Developer Maddie Reese has achieved a remarkable technical feat by running a local large language model on a 1998 iMac G3 with only 32MB of RAM. The project uses Andrej Karpathy's 260K parameter TinyStories model, which implements a simplified version of Meta's Llama 2 architecture in a compact 1MB checkpoint. To make this work on the 25-year-old hardware, Reese cross-compiled the code from a modern Mac mini using Retro68 (a GCC-based toolchain for classic Mac OS), then transferred the files via FTP over Ethernet.
Several significant technical challenges had to be overcome. The PowerPC processor required endian-swapping the model weights from little-endian to big-endian format. Memory management proved particularly difficult—Mac OS 8.5 allocates tiny memory partitions by default, forcing Reese to use MaxApplZone() and NewPtr() functions from the Mac Memory Manager to secure enough heap space. Additionally, the model's grouped-query attention configuration (with 4 key-value heads instead of 8) caused pointer alignment issues that produced NaN outputs until corrected.
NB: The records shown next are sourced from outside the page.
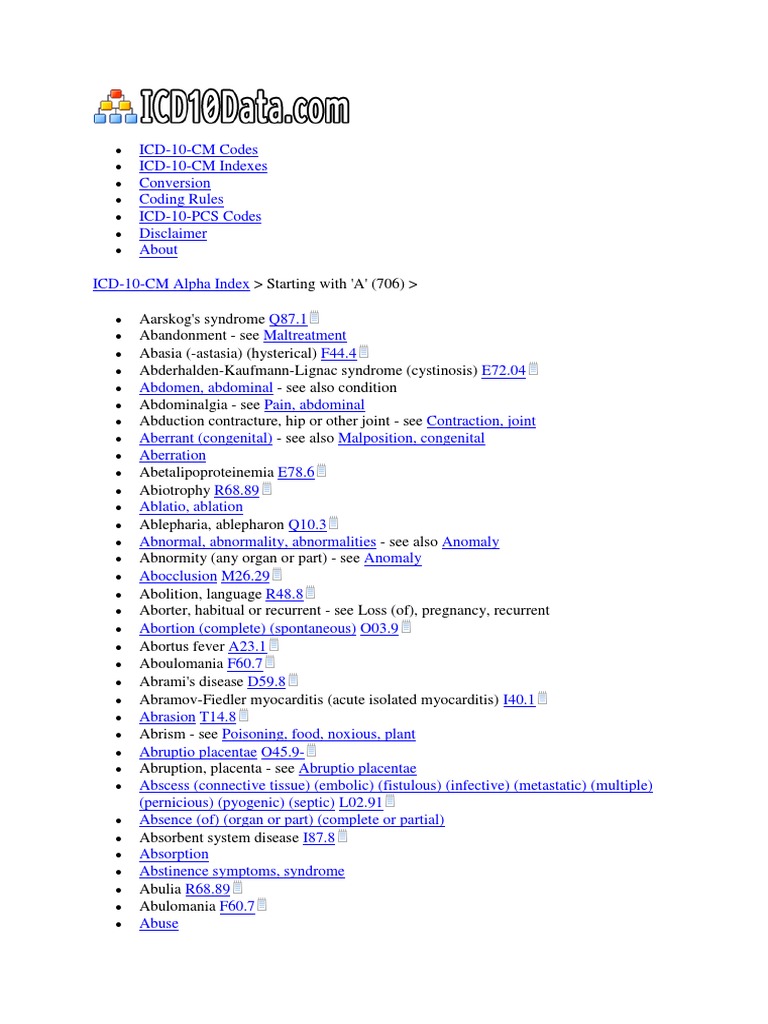 Icd 10 Kamus Adenoma Benign Tumor Icd 10 Kamus Adenoma Benign Tumor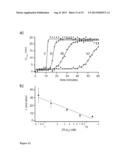 ASSAY FOR ANALYTES BASED ON AGGREGATION diagram and image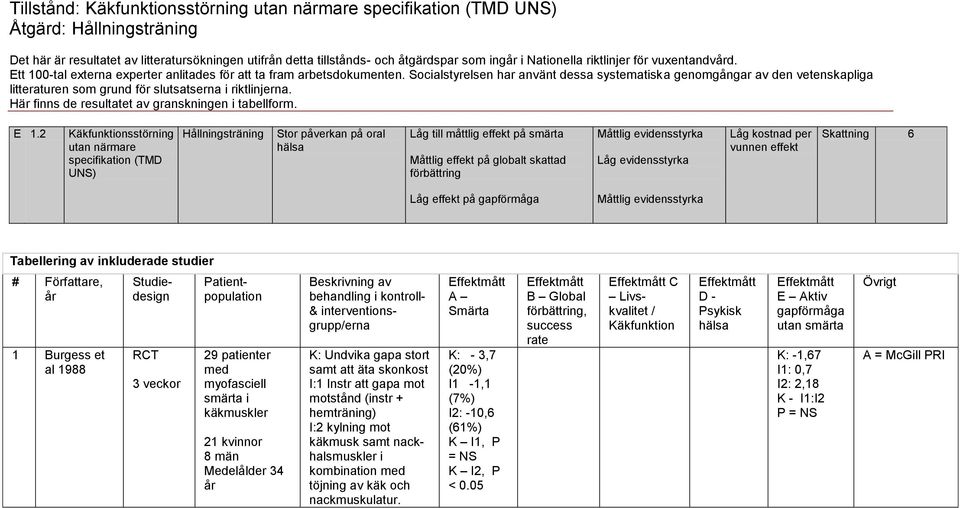 Socialstyrelsen har använt dessa systematiska genomgångar av den vetenskapliga litteraturen som grund för slutsatserna i riktlinjerna. Här finns de resultatet av granskningen i tabellform. E 1.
The final implementation uses static buffers for the KV cache and run state to avoid malloc failures on the limited 32MB system. While the output is necessarily short due to hardware constraints, the project successfully demonstrates that even extremely limited hardware can run modern AI models with sufficient optimization. The system reads prompts from prompt.txt, tokenizes them using byte-pair encoding, runs inference, and writes continuations to output.txt—all on hardware that predates the smartphone era by nearly a decade.
- Runs Andrej Karpathy's 260K parameter TinyStories model (Llama 2 architecture) in just 1MB
- Required endian-swapping from little-endian to big-endian for PowerPC processor compatibility
- Used custom memory management (MaxApplZone() + NewPtr()) to overcome Mac OS 8.5's 32MB RAM limitations
Why It Matters
Demonstrates AI's potential on edge devices and resource-constrained hardware, pushing boundaries of where models can run.